Data records:

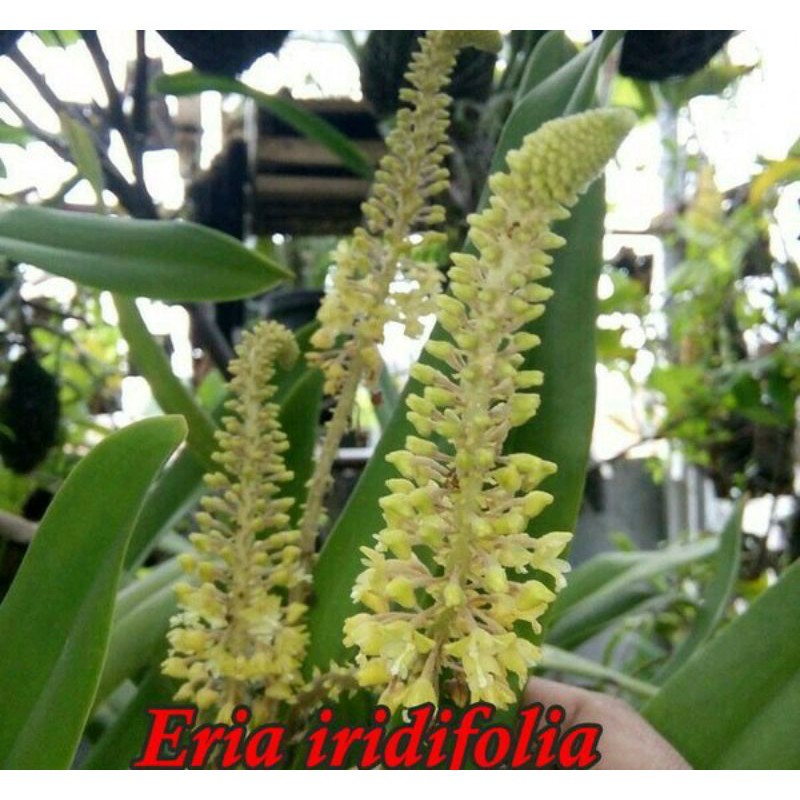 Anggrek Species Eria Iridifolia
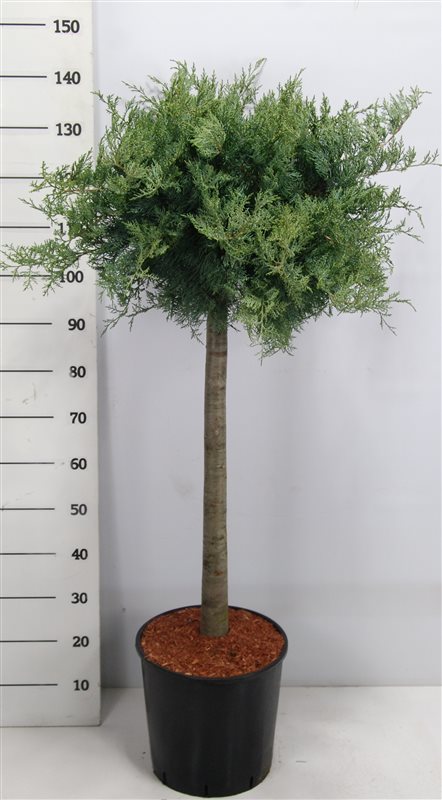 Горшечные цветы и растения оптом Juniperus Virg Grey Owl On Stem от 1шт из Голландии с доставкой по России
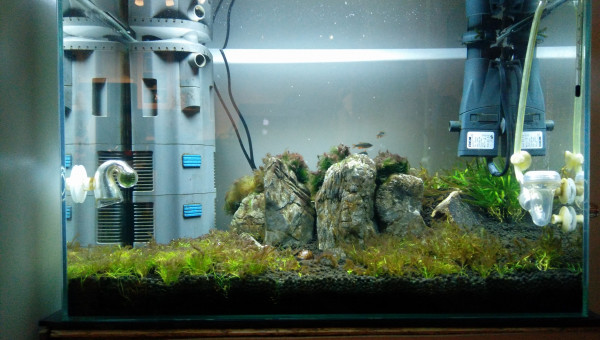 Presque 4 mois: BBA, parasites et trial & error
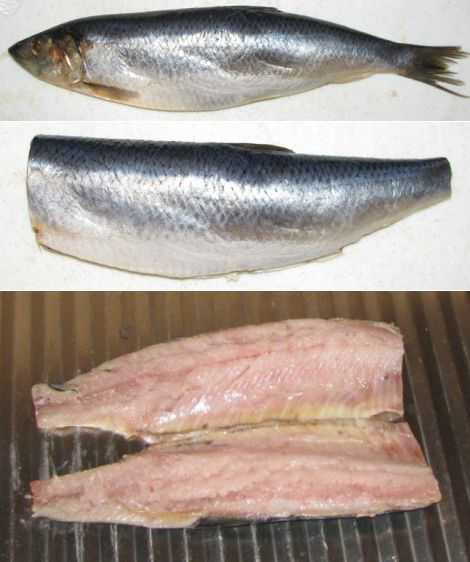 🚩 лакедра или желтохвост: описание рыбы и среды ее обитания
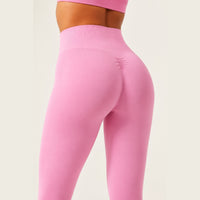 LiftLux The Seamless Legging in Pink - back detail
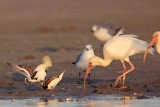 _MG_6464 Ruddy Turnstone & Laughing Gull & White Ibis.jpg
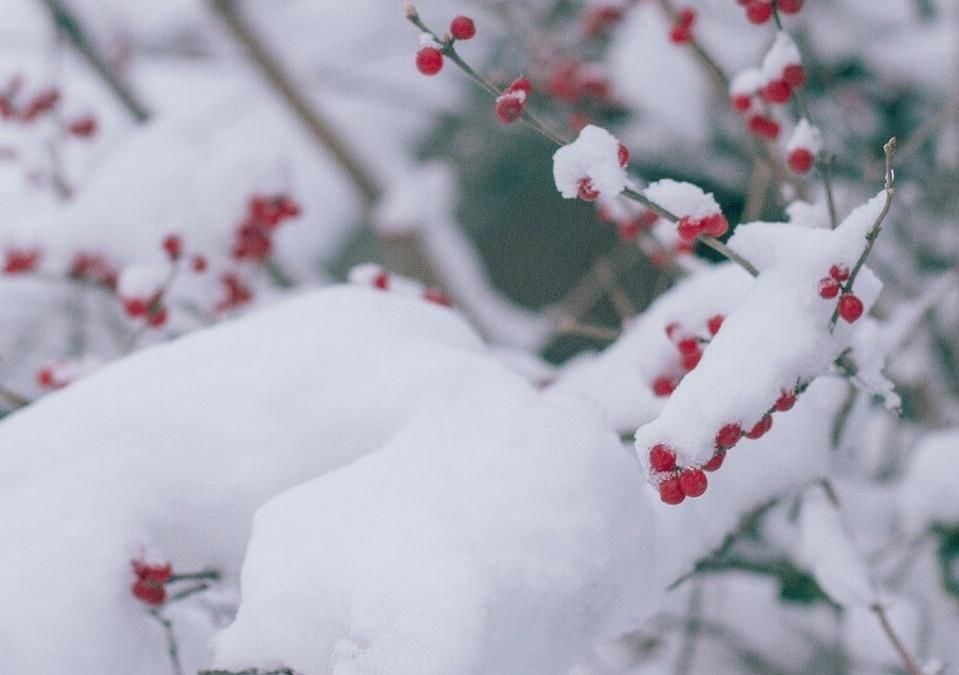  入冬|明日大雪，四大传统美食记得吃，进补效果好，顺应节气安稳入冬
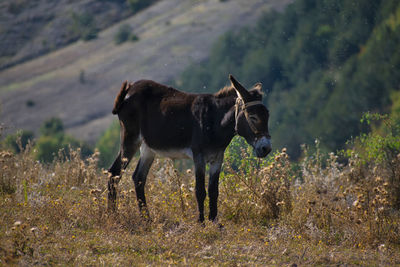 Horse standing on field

Directions for this task
Strip out the pictures and quote the remaining data word for word.

Result of the exercise
 Anggrek Species Eria Iridifolia
 Горшечные цветы и растения оптом Juniperus Virg Grey Owl On Stem от 1шт из Голландии с доставкой по России
 Presque 4 mois: BBA, parasites et trial & error
 🚩 лакедра или желтохвост: описание рыбы и среды ее обитания
 LiftLux The Seamless Legging in Pink - back detail
 _MG_6464 Ruddy Turnstone & Laughing Gull & White Ibis.jpg
  入冬|明日大雪，四大传统美食记得吃，进补效果好，顺应节气安稳入冬
 Horse standing on field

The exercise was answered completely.